→ **RECORDS**
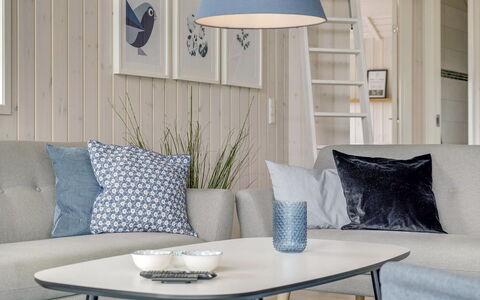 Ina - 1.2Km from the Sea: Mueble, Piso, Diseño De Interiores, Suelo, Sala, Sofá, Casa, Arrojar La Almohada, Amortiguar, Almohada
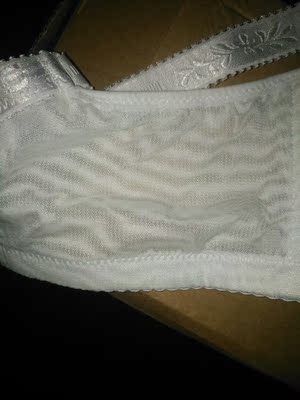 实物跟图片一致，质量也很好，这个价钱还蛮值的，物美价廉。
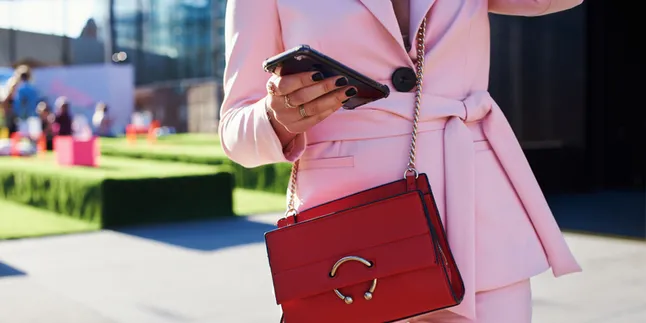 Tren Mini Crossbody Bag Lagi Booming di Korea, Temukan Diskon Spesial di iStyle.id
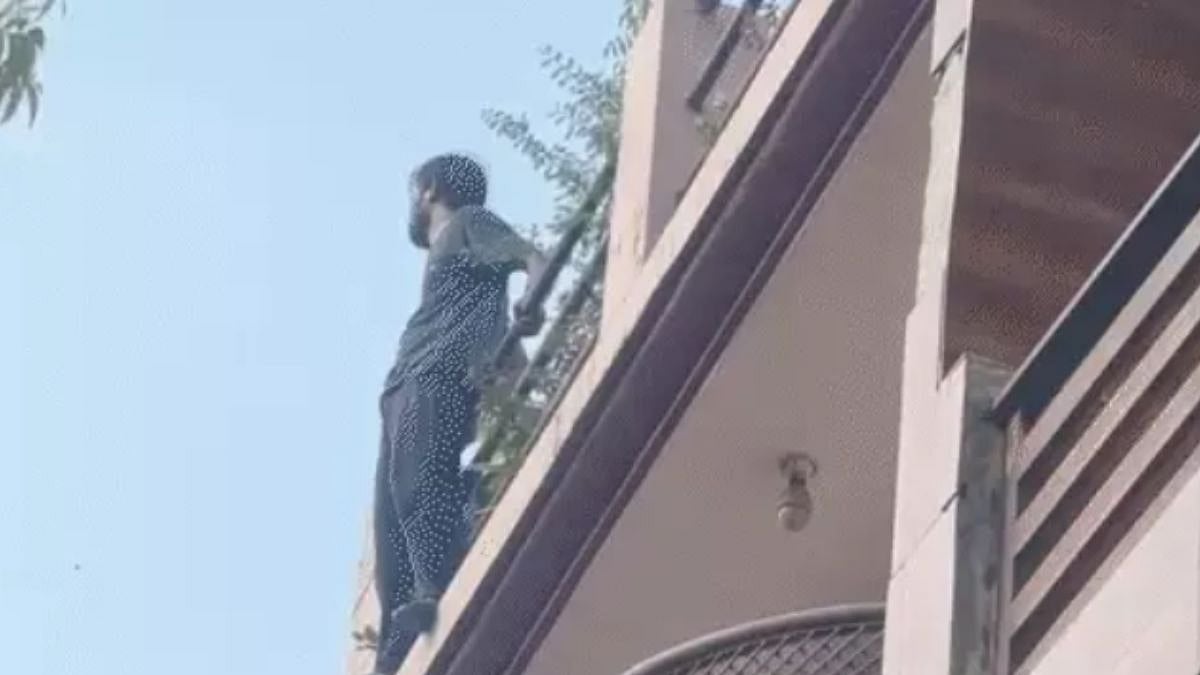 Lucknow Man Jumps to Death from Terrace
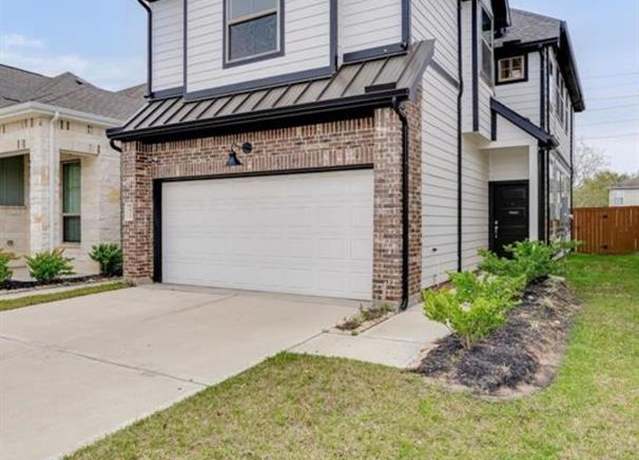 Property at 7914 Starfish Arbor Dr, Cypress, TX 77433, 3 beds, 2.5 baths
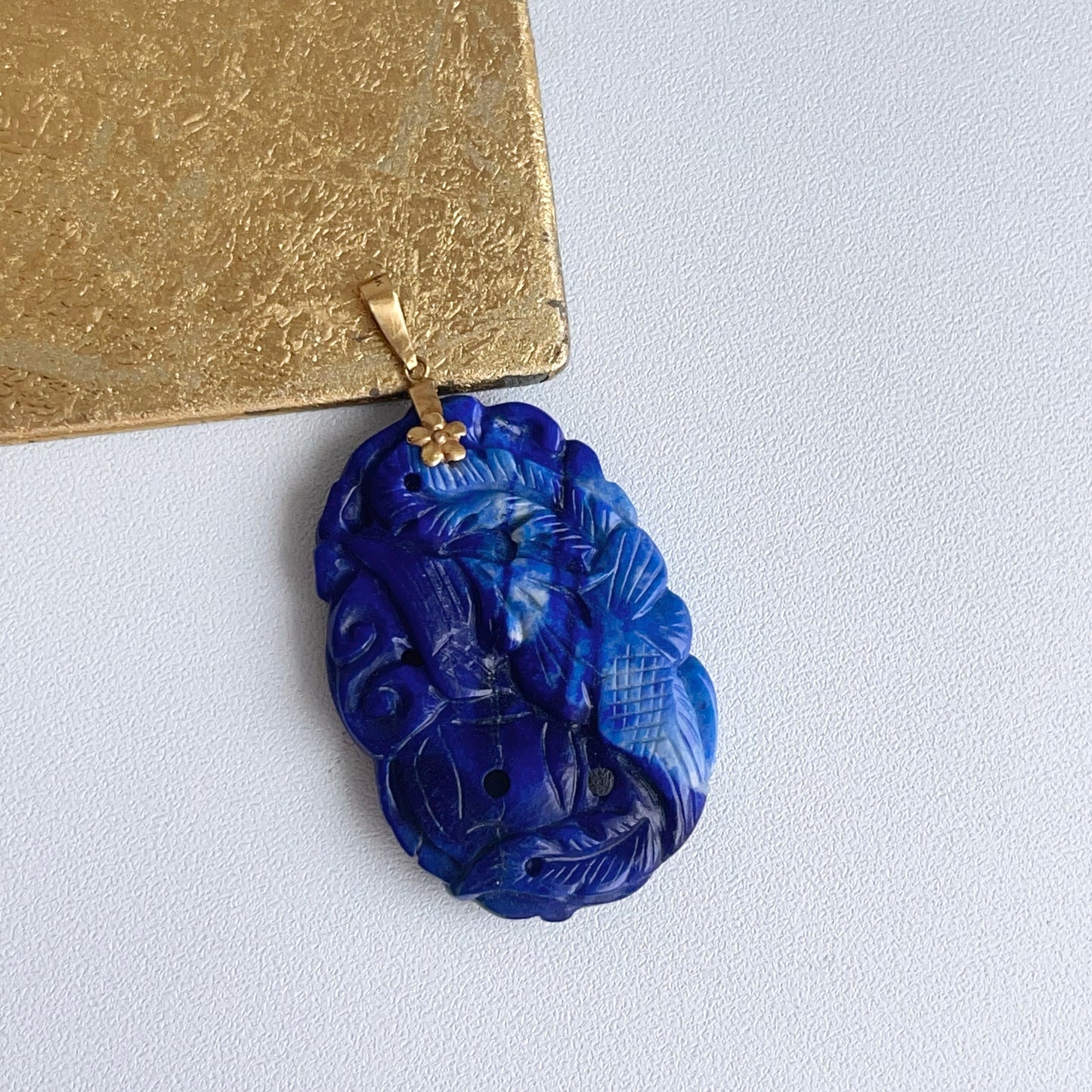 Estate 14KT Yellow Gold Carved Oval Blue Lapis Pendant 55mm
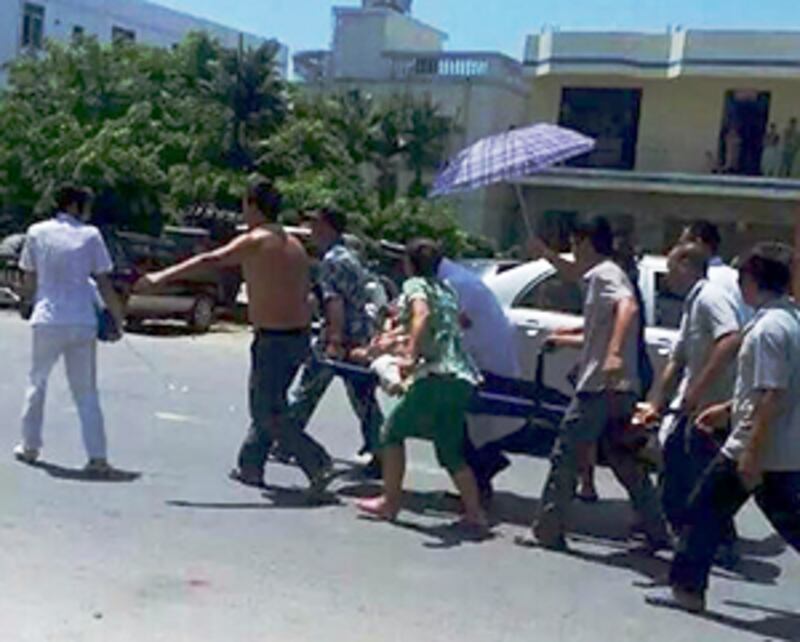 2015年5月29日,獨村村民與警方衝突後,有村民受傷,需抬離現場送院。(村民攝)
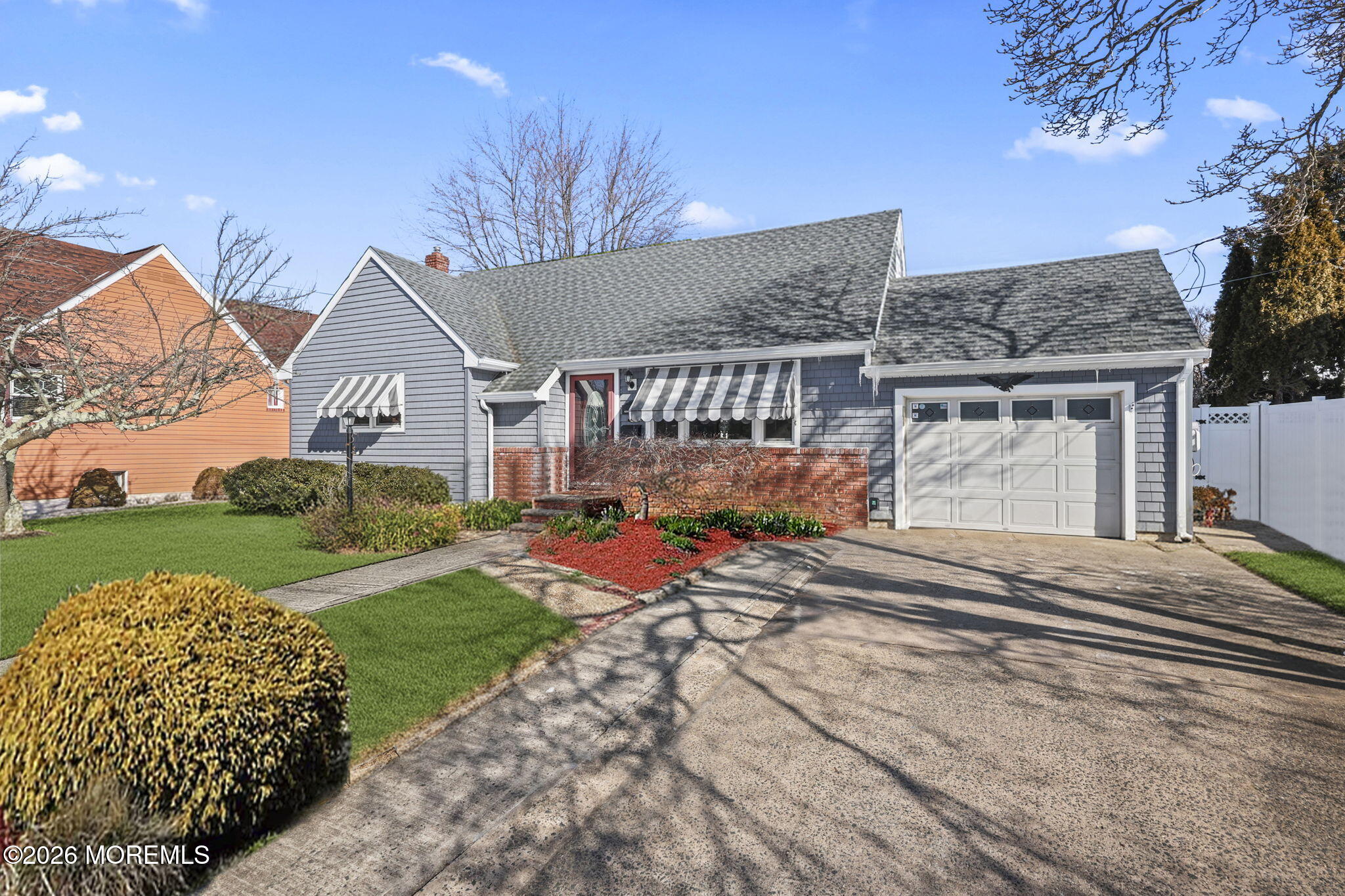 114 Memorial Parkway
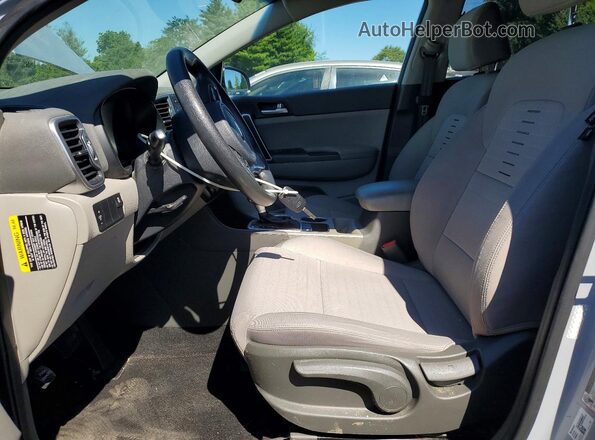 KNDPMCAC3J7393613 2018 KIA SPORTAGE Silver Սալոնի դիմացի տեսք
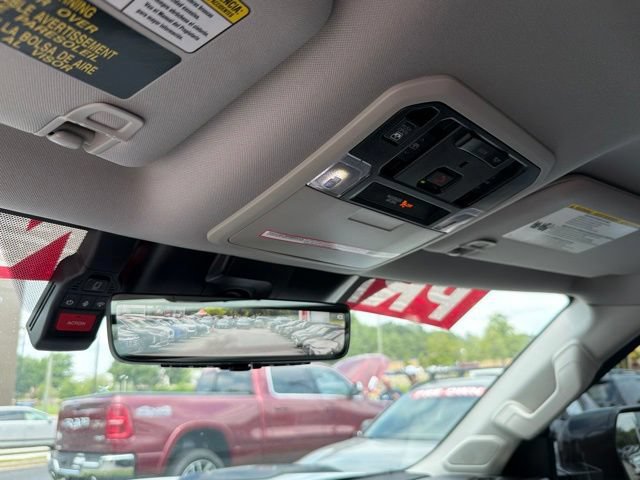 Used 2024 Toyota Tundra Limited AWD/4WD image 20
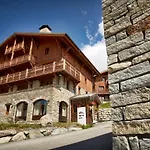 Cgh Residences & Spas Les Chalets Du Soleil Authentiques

→ **ACTIVITY**
Repeat verbatim the lines between the start of the data and the line containing "114 Memorial Parkway", both ends included, omitting all pictures.

→ **EXERCISE SOLUTION**
 Ina - 1.2Km from the Sea: Mueble, Piso, Diseño De Interiores, Suelo, Sala, Sofá, Casa, Arrojar La Almohada, Amortiguar, Almohada
 实物跟图片一致，质量也很好，这个价钱还蛮值的，物美价廉。
 Tren Mini Crossbody Bag Lagi Booming di Korea, Temukan Diskon Spesial di iStyle.id
 Lucknow Man Jumps to Death from Terrace
 Property at 7914 Starfish Arbor Dr, Cypress, TX 77433, 3 beds, 2.5 baths
 Estate 14KT Yellow Gold Carved Oval Blue Lapis Pendant 55mm
 2015年5月29日,獨村村民與警方衝突後,有村民受傷,需抬離現場送院。(村民攝)
 114 Memorial Parkway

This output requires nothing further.